-- Data to examine follows --
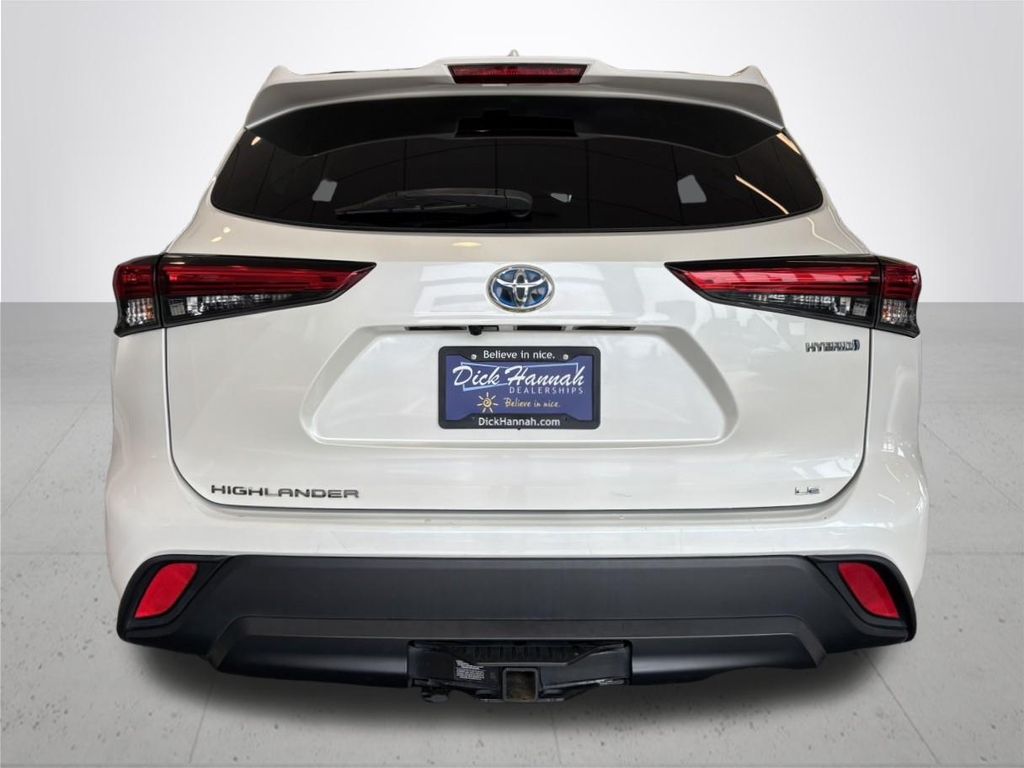 2021 Toyota Highlander Hybrid LE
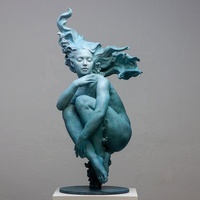 Sculpture de femme surfeuse en bronze coulé sur mesure, taille réelle, décoration extérieure pour plage, parc, statue de fille surfeuse en métal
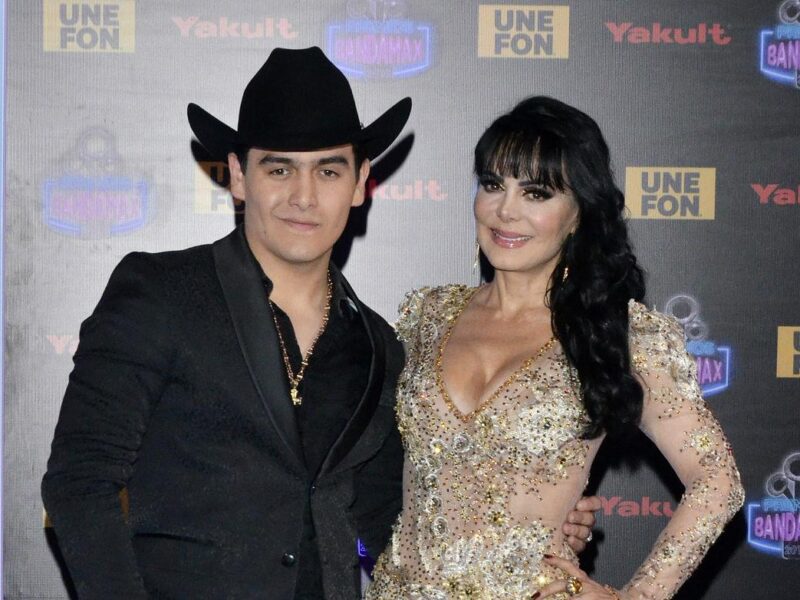 conmemora Maribel Guardia anivesario luctuoso de Julián Figueroa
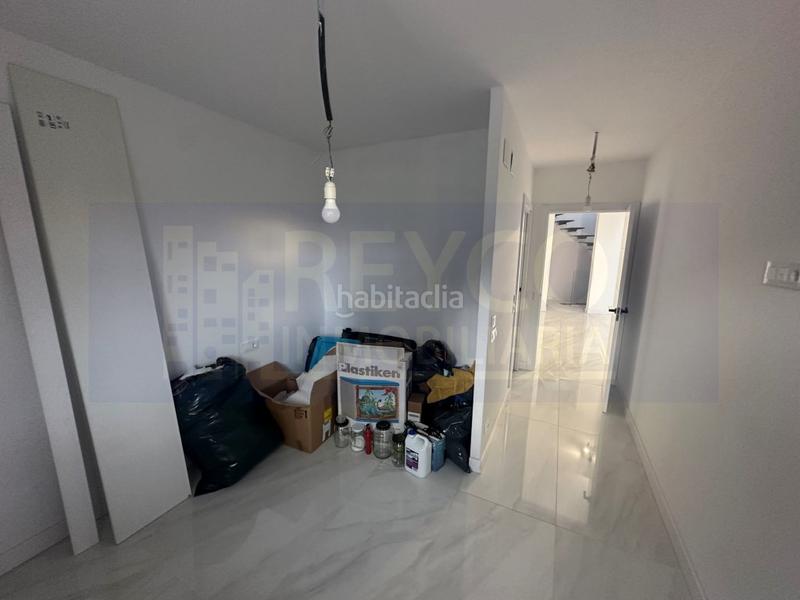 Foto 2cb3ec71-f8cd-43b9-8b10-28e596821cd8. Casa chalet independiente con piscina en zona los manzanos en Lardero Foto 2cb3ec71-f8cd-43b9-8b10-28e596821cd8. Casa chalet independiente con piscina en zona los manzanos en Lardero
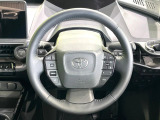 インテリアに合わせたデザインのステアリングは、運転される方のことも考え、運転しやすい形状、大きさです。是非一度、実際に触ってお確かめください。
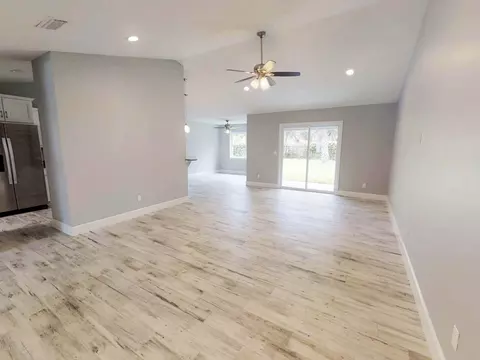 2507 Queen Palm Dr, Edgewater, FL 32141 photo 4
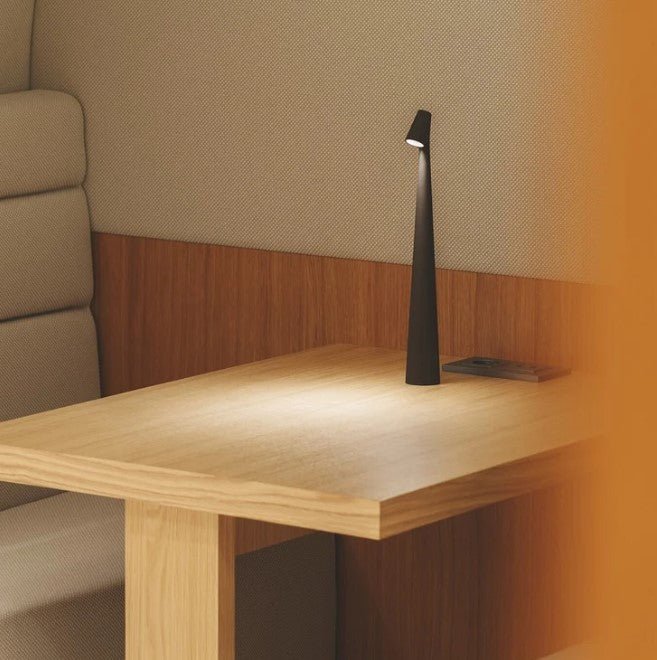 Genopladelig LED-bordlampe | Polycarbonat | 2700 K varm hvid | 3 lysstyrketrin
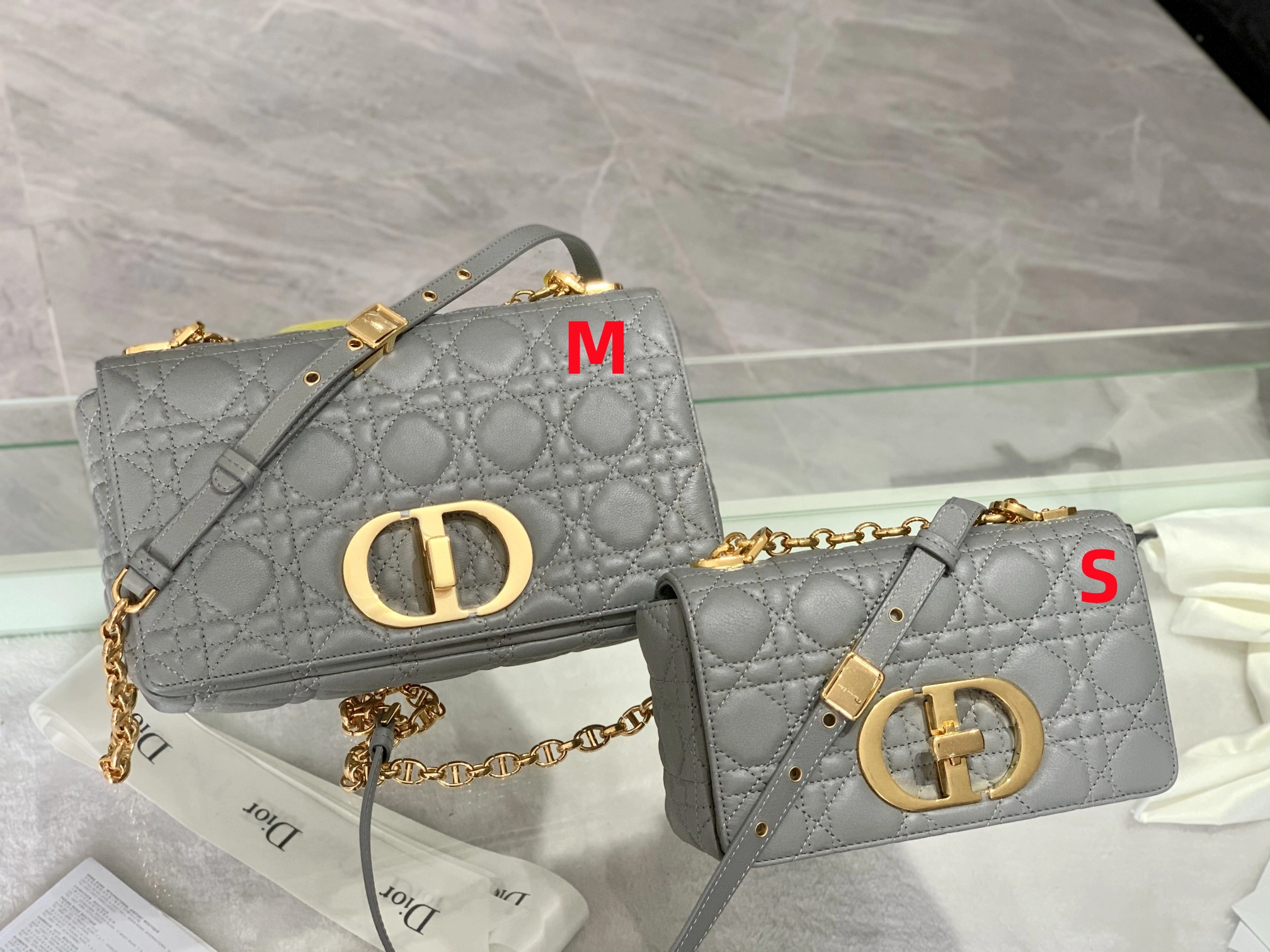 Custombag-- M9242UWHC_M41G M9241UWHC-M41G M9242UWHC-M41G caro high quality version item：C-B803D0705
-- Data to examine concluded --
* [Assigned task]: Please reproduce each line of the listing above exactly, skipping pictures.

* [Response below]:
 2021 Toyota Highlander Hybrid LE
 Sculpture de femme surfeuse en bronze coulé sur mesure, taille réelle, décoration extérieure pour plage, parc, statue de fille surfeuse en métal
 conmemora Maribel Guardia anivesario luctuoso de Julián Figueroa
 Foto 2cb3ec71-f8cd-43b9-8b10-28e596821cd8. Casa chalet independiente con piscina en zona los manzanos en Lardero Foto 2cb3ec71-f8cd-43b9-8b10-28e596821cd8. Casa chalet independiente con piscina en zona los manzanos en Lardero
 インテリアに合わせたデザインのステアリングは、運転される方のことも考え、運転しやすい形状、大きさです。是非一度、実際に触ってお確かめください。
 2507 Queen Palm Dr, Edgewater, FL 32141 photo 4
 Genopladelig LED-bordlampe | Polycarbonat | 2700 K varm hvid | 3 lysstyrketrin
 Custombag-- M9242UWHC_M41G M9241UWHC-M41G M9242UWHC-M41G caro high quality version item：C-B803D0705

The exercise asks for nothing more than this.